I think the poll is perfect as is and needs no change...


----------



## Nick S. (Jul 10, 2011)

Interesting... The poker seems to be getting the most attention... Come on Zulu!


----------



## Jack Straw (Nov 20, 2008)

C'mon cutty!

Why not vote for the shape, then in the next phase nominate/vote on interpretations, or let the choice of carver work that detail out?


----------



## indigosmoke (Sep 1, 2009)

Jack Straw said:


> C'mon cutty!
> 
> Why not vote for the shape, then in the next phase nominate/vote on interpretations, or let the choice of carver work that detail out?


That's what I thought as well, but again, I'm open to whatever the majority wants to do.

+1 on the Cutty.


----------



## Nick S. (Jul 10, 2011)

I'd be happy with the Cutty.


----------



## Commander Quan (May 6, 2003)

indigosmoke said:


> This may be an issue with trying to solicit bids from multiple carvers. Another thought, how are we going to know in advance what their take on shape would be if they don't have a photo of an existing example? Would they make a sample pipe to show us? A drawing?


I think people are going to have to be a little open with this and not have their heart set on 1 or 2 details. Once we get it narrowed down to one specific shape and we accept a bid from someone, we should leave it up to them to do what they do best. I don't think it will be a huge leap of faith to assume the pipes will look good. If someone is going to be upset because the pipe may not be exactly what they pictured in their own mind they should skip this, and just commission their own custom pipe.



indigosmoke said:


> Also, I just found out I'm going to be moving cross country at the end of the November so if anyone would like to take over this project let us know and you can start managing this thread. I don't want my schedule to interfer with the selection/procurement of the Puff pipe.
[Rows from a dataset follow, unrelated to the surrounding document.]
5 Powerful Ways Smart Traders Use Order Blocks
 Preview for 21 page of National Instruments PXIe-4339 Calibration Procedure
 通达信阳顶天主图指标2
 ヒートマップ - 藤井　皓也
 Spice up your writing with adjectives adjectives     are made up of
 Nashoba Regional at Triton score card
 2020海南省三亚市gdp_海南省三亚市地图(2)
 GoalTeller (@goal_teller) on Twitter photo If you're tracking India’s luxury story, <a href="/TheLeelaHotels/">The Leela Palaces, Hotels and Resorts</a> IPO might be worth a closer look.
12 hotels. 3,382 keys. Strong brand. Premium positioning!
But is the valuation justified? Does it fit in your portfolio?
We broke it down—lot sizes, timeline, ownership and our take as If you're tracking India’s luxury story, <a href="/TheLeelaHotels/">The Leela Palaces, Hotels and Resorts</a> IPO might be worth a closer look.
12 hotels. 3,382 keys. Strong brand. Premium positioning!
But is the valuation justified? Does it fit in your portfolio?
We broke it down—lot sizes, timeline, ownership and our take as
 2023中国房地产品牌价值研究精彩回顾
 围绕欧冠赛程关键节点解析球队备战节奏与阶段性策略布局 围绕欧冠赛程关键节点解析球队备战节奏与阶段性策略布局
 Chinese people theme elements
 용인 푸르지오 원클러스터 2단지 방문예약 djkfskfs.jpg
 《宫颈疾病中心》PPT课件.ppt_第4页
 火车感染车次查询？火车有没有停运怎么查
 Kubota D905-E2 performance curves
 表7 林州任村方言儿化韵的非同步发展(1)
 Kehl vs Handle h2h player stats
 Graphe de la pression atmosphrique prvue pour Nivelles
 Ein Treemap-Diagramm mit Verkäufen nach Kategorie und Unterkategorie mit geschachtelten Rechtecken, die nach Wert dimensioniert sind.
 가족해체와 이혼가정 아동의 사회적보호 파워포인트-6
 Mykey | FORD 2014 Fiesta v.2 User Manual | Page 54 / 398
Where are you moving to John?


----------



## Nick S. (Jul 10, 2011)

Commander Quan said:


> I think people are going to have to be a little open with this and not have their heart set on 1 or 2 details. Once we get it narrowed down to one specific shape and we accept a bid from someone, we should leave it up to them to do what they do best. I don't think it will be a huge leap of faith to assume the pipes will look good. If someone is going to be upset because the pipe may not be exactly what they pictured in their own mind they should skip this, and just commission their own custom pipe.


+1 I absolutely agree


----------



## indigosmoke (Sep 1, 2009)

Commander Quan said:


> Where are you moving to John?


I'm finally making my escape from Oklahoma. We're moving to the Portland, OR area. I'm more than willing to keep on with the Puff pipe project, but I may need someone to temporarily monitor things for me in late Nov/early Dec when I'm actually in the process of moving. I would think by mid-December I'll be settled in enough to take the lead again. Hopefully, things will be well along by then.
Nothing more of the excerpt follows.